● Task item: Return the lines below exactly, please, from the one containing "Туры в отель Casa di Pino EcoLodge Hotel" through the last one, both included, and leave out any pictures.

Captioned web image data
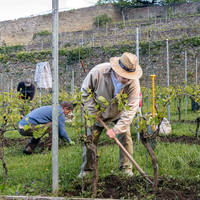 2026 05 16 déherbage n° 09
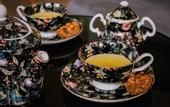 Туры в отель Casa di Pino EcoLodge Hotel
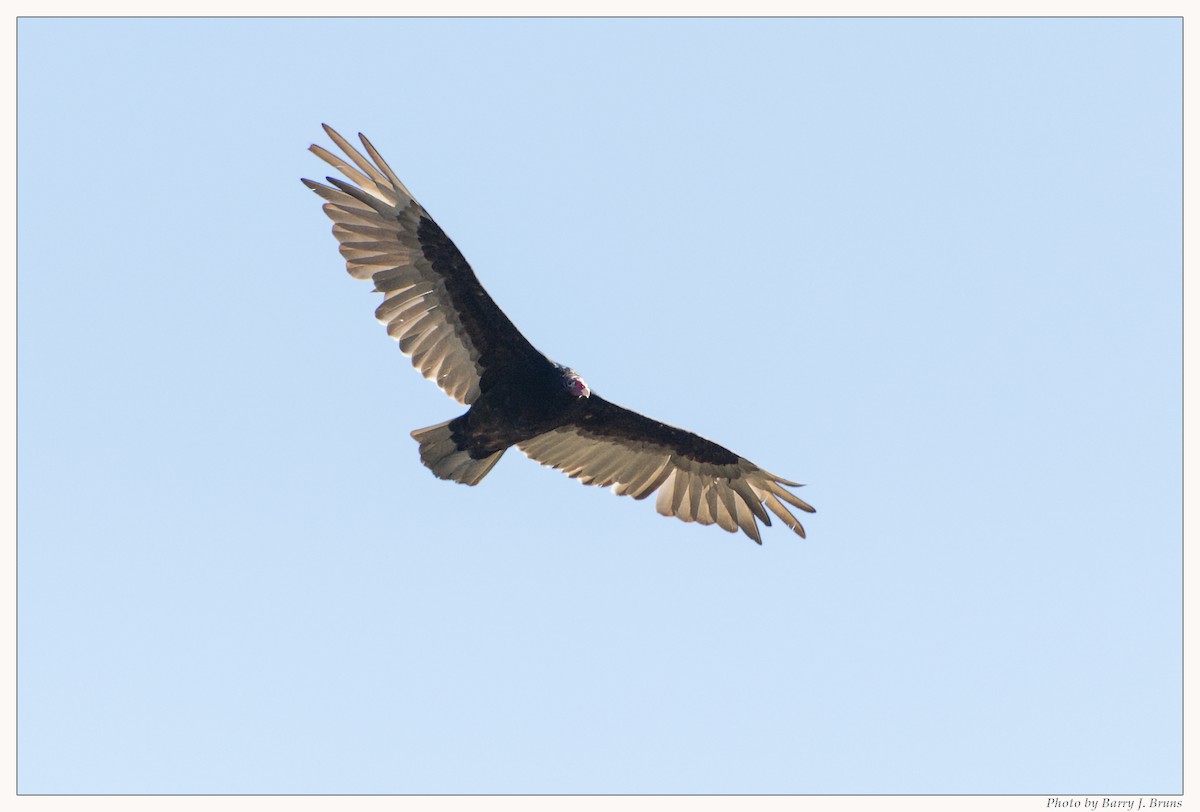 Turkey Vulture - ML348108941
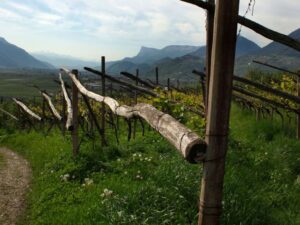 Vignaioli di Montagna a Bologna: tutti insieme appassionatamente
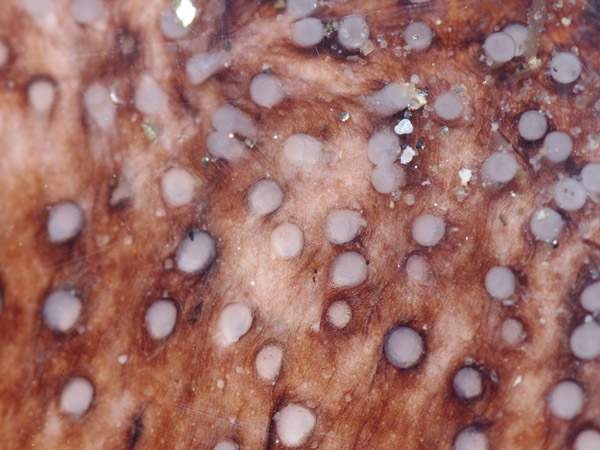 Holothuria poli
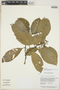 Palicourea racemosa (Aubl.) G. Nicholson, Guyana, B. Hoffman 3780 b, F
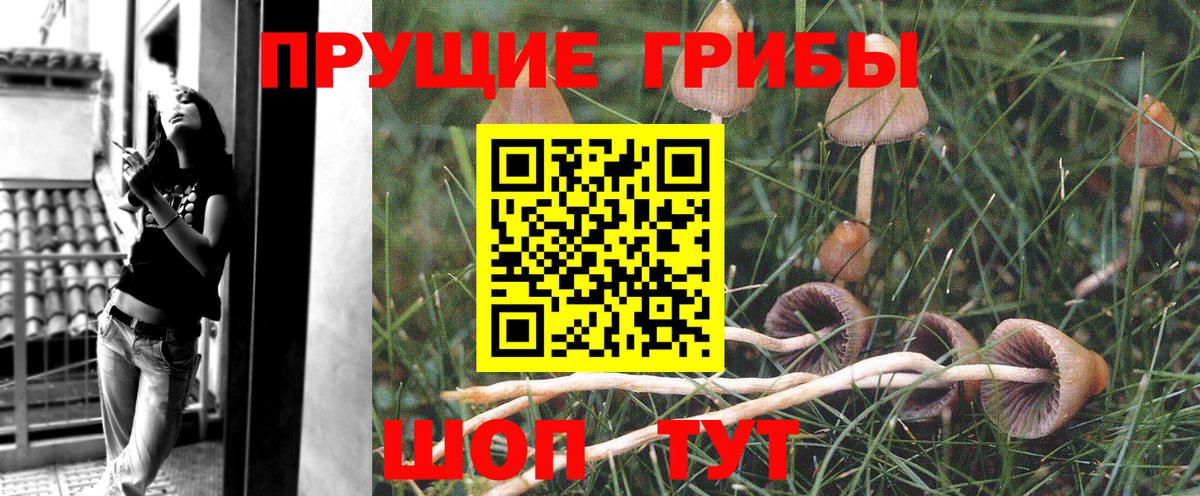 Галлюциногенные грибы мухоморы  Вход с VPN  Егорьевск 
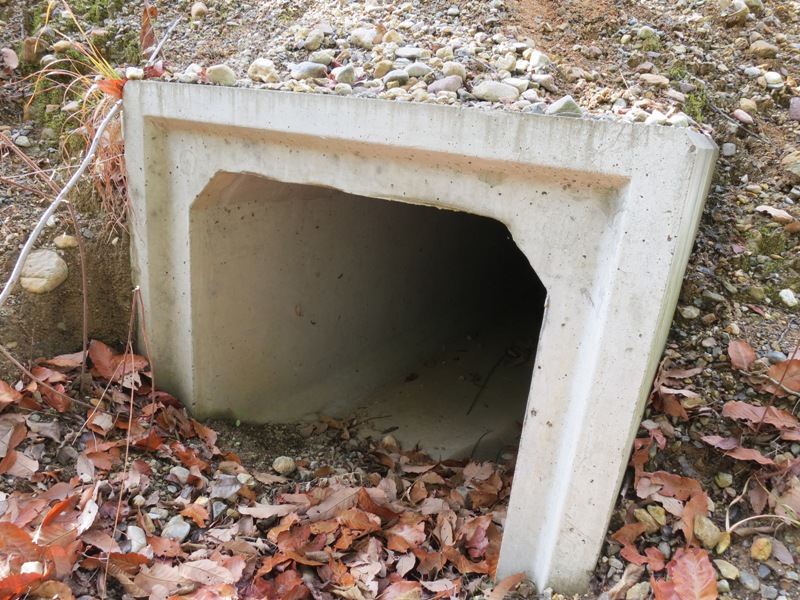 野生動物用のトンネル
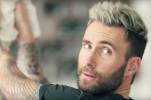 Hypnoweb Adam Levine : biographie, carri�re et filmographie 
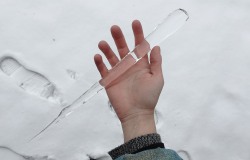 coltre:  razor sharp icicle or unicorn horn?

● Task result:
 Туры в отель Casa di Pino EcoLodge Hotel
 Turkey Vulture - ML348108941
 Vignaioli di Montagna a Bologna: tutti insieme appassionatamente
 Holothuria poli
 Palicourea racemosa (Aubl.) G. Nicholson, Guyana, B. Hoffman 3780 b, F
 Галлюциногенные грибы мухоморы  Вход с VPN  Егорьевск 
 野生動物用のトンネル
 Hypnoweb Adam Levine : biographie, carri�re et filmographie 
 coltre:  razor sharp icicle or unicorn horn?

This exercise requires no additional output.